Todos estaban en conciliábulo en el Café Musain.

Enjolras dijo, utilizando algunas metáforas semienigmáticas pero significativas:

—Conviene saber en dónde nos hallamos y con quién podemos contar. Si se desean combatientes, es preciso hacerlos. Tener con qué golpear. Esto no puede ser nocivo. Los que pasan tienen siempre más posibilidades de recibir cornadas cuando hay bueyes en la carretera que cuando no los hay. Así, pues, contemos un poco el rebaño. ¿Cuántos somos? No hay que dejar este trabajo para mañana. Los revolucionarios deben tener prisa siempre; el progreso no tiene tiempo que perder. Desconfiemos de lo inesperado. No nos dejemos coger desprevenidos. Se trata de repasar las costuras que hemos hecho y de comprobar si aguantan. Este asunto debe quedar realizado hoy mismo. Courfeyrac, tú verás a los politécnicos. Es su día de salida. Hoy, miércoles. Feuilly, ¿verdad que verás a los de la Glacière? Combeferre me ha prometido que iría a Picpus. Allí hay todo un hormiguero excelente. Bahorel visitará la Estrapade. Prouvaire, los albañiles se entibian; nos traerás noticias del de la logia de la calle Grenelle-Saint-Honoré. Joly irá a la clínica de Dupuytren y tomará el pulso a la Escuela de Medicina.

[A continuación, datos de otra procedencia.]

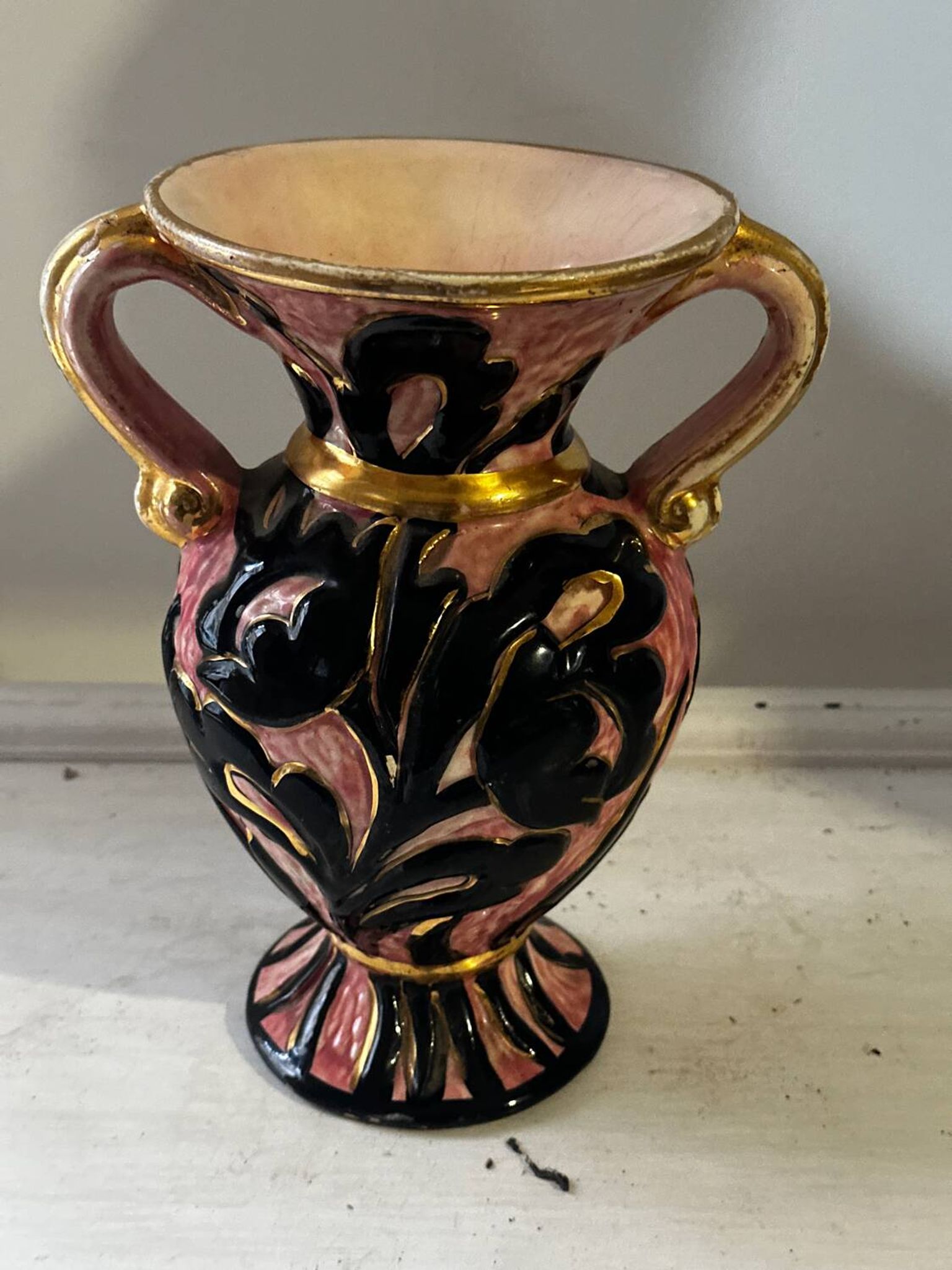 Vintage Vallauris vase amphora with relief floral decoration.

Bossuet se dará una vueltecita por el palacio y charlará con los pasantes. Yo me encargo de la Cougourde.

—Ya está todo arreglado —dijo Courfeyrac.

—No.

—¿Qué más hay?

—Una cosa muy importante.

—¿Qué es? —preguntó Combeferre.

—La barrera del Maine —respondió Enjolras.

Enjolras se quedó como absorto en sus reflexiones por un instante, y luego continuó:

—En la barrera del Maine hay marmolistas, pintores, practicantes de los talleres de escultura. Es una familia entusiasta, pero sujeta a enfriamiento. No sé lo que les sucede desde hace algún tiempo. Piensan en otra cosa. Se apagan. Pasan el tiempo jugando al dominó. Sería urgente ir a hablarles un poco y con firmeza. Se reúnen en casa de Richefeu. Se los puede encontrar entre las doce y la una del mediodía. Sería preciso soplar sobre esas cenizas. Yo había contado para ello con ese distraído de Marius, que en suma es bueno, pero que ya no viene. Necesitaría a alguien para la barrera del Maine. Y no me queda nadie de quien echar mano.

—Y yo —dijo Grantaire—, ¿acaso no estoy aquí?

—¿Tú?

—Yo.

—¡Tú adoctrinar a los republicanos!, ¡tú calentar, en nombre de los principios, los corazones enfriados!

—¿Por qué no?

—¿Es que eres bueno para algo?

—Tengo la vaga ambición —dijo Grantaire.

—Tú no crees en nada.

—Creo en ti.

—Grantaire, ¿quieres prestarme un servicio?

—Todos. Encerar tus botas.

—Pues bien, no te mezcles en nuestros asuntos. Fermenta tu ajenjo.

—Eres un ingrato, Enjolras.

—¿Serías tan hombre como para ir a la barrera del Maine? ¿Serías capaz de ello?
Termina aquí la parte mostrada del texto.